The first dual zone water injector in BP equipped with the inline DHFC valve and DTS came online in 2017. Combination of two technologies allowed to control injection within two sub layers and monitor fracture propagations through sands to ensure conformance across two injection zones.
The world's first 3-zone water injector with the DHFC equipped with DTS came on line in 2018. This has marked another big milestone for this game-changer technology in ACG to properly manage multi-layer reservoirs and opened for further applications in other BP regions.
BP also focuses on delivering technology solutions to mitigate and manage potential risks identified for each element of the production system. These may be technologies that would allow to avoid (or reduce) sand production into a well, or new tools or remediate hydrates in well facility:
BP Slug Controller - wellbore slugging in ACG wells is a major risk to production sustainability. High amplitude of slugging and high rates of change in drawdown put wells at potential risk of sand control failure. It also brings risk for serious process plant upsets and efficiency losses. This technology, which helps to control the slug situation, is deployed at all ACG platforms.
BP Drawdown Controller - instability and exceeding the bean up limit when the well is put back on production after shut-down may lead to sand production due to the sand prone nature of ACG wells. The technology allows to maintain the downhole pressure at the depletion target value by applying constant drawdown to the well. It also enables more efficient and smooth bean-up in the well.
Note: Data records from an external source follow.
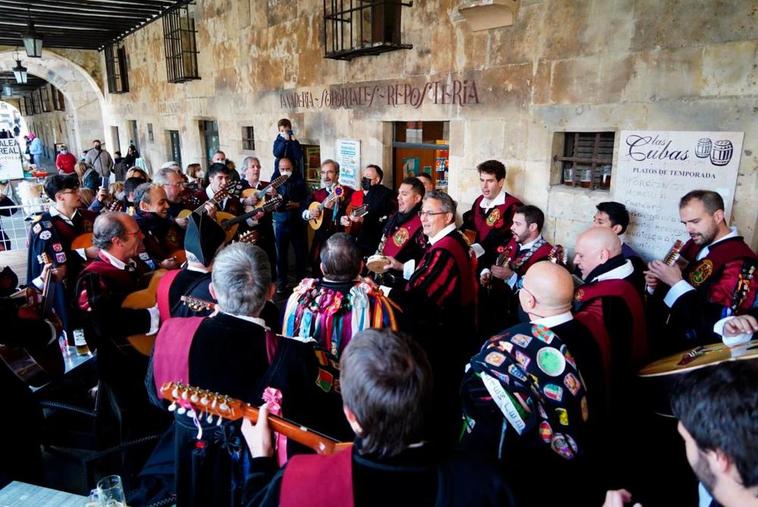 Cantando antes de la comida de fraternidad.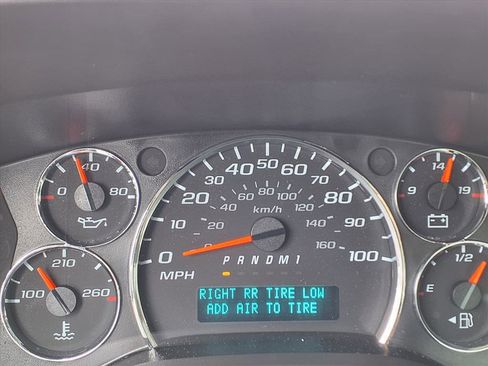 Used 2019 Chevrolet Express 3500 w/ Power Convenience Package image 16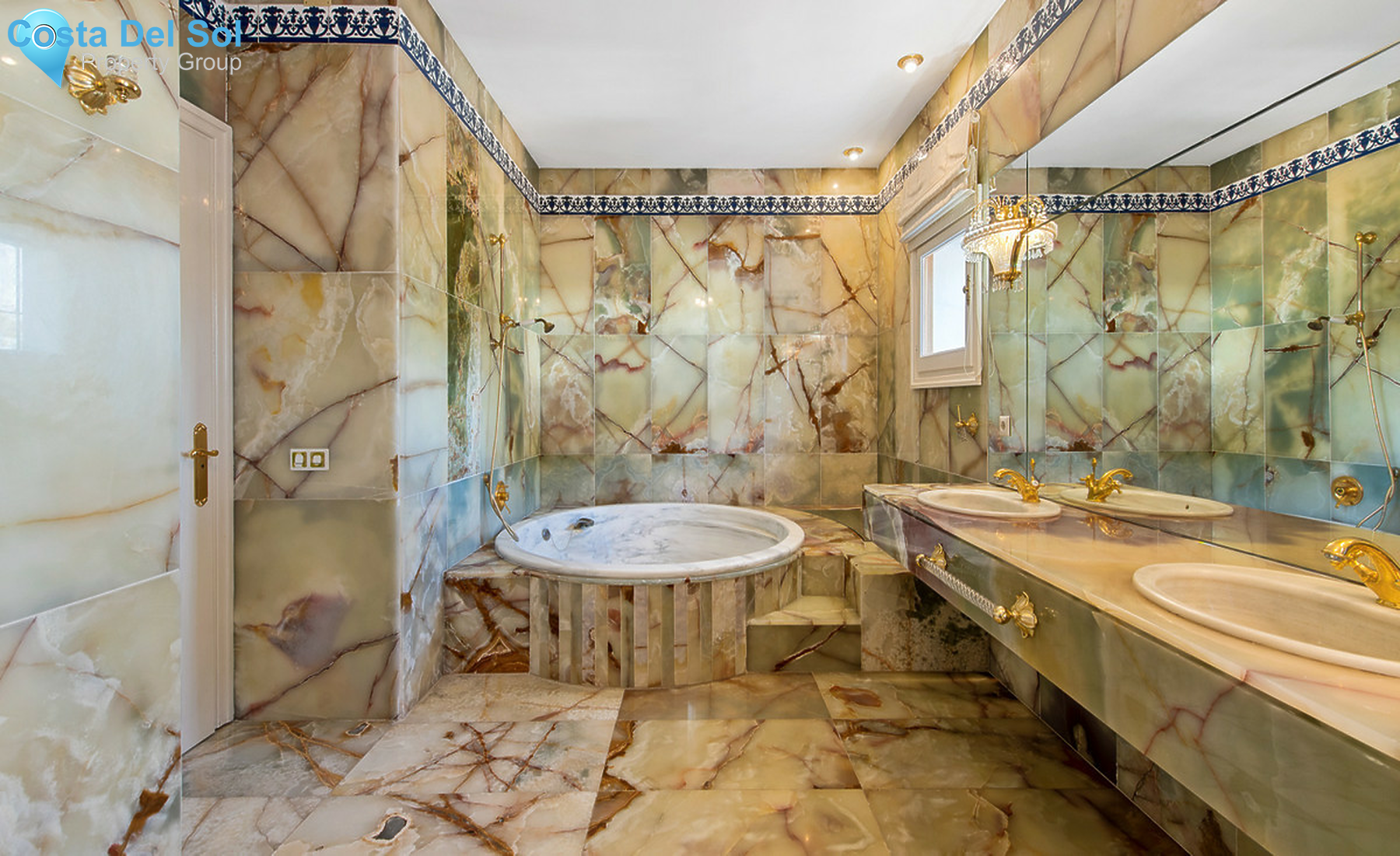 House in Guadalmina Baja-1560190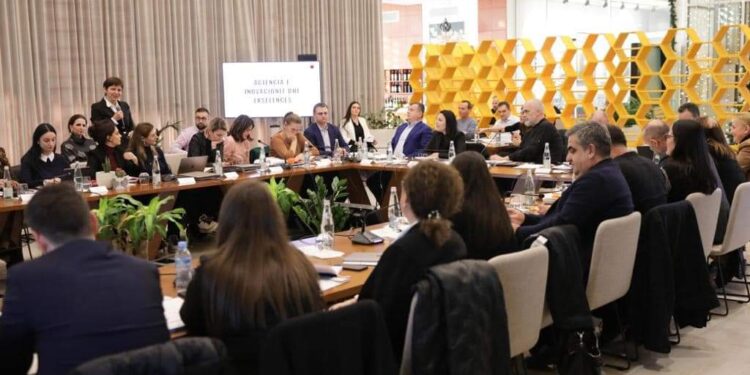 Dita e dytë në Shëngjin, Rama vijon mbledhjen me kabinetin dhe drejtuesit politikë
It is currently is installed on two ACG Platforms
APEX Production Simulation, Monitoring and Optimization tool - enhances well production optimization capability to address Base Management optimization challenge.
Pipeline inspection gauge (PIG) is a special tool used to inspect the internal conditions of a pipeline, capture and record the geometry and reveal any corrosion information related to the pipelines. This information is then downloaded to a computer when the PIG is removed from the pipe to enable engineers to 'see' inside the line. This process is known as intelligent pigging.
To ensure the integrity of subsea pipelines, rigorous monitoring is done by using remotely operated vehicles and autonomous underwater vehicles (AUV). The challenge we face is poor visibility in the murky Caspian waters, particularly in water depths of less than 25m. So, we’ve introduced some state-of-the-art equipment never utilised in the Caspian before to provide pipeline assurance.
It carries out acoustic surveys, it works well and it allows inspections to be performed faster and more efficiently. The Caspian became one of the leading regions utilising AUV technology and is exporting knowledge to BP globally concerning these operations.
Some new technological tools such as Crawler and Drone have been successfully deployed for facility and structure inspection on some of ACG platforms. Further development of these technologies is being assessed to expand the area of their application to all of ACG platforms.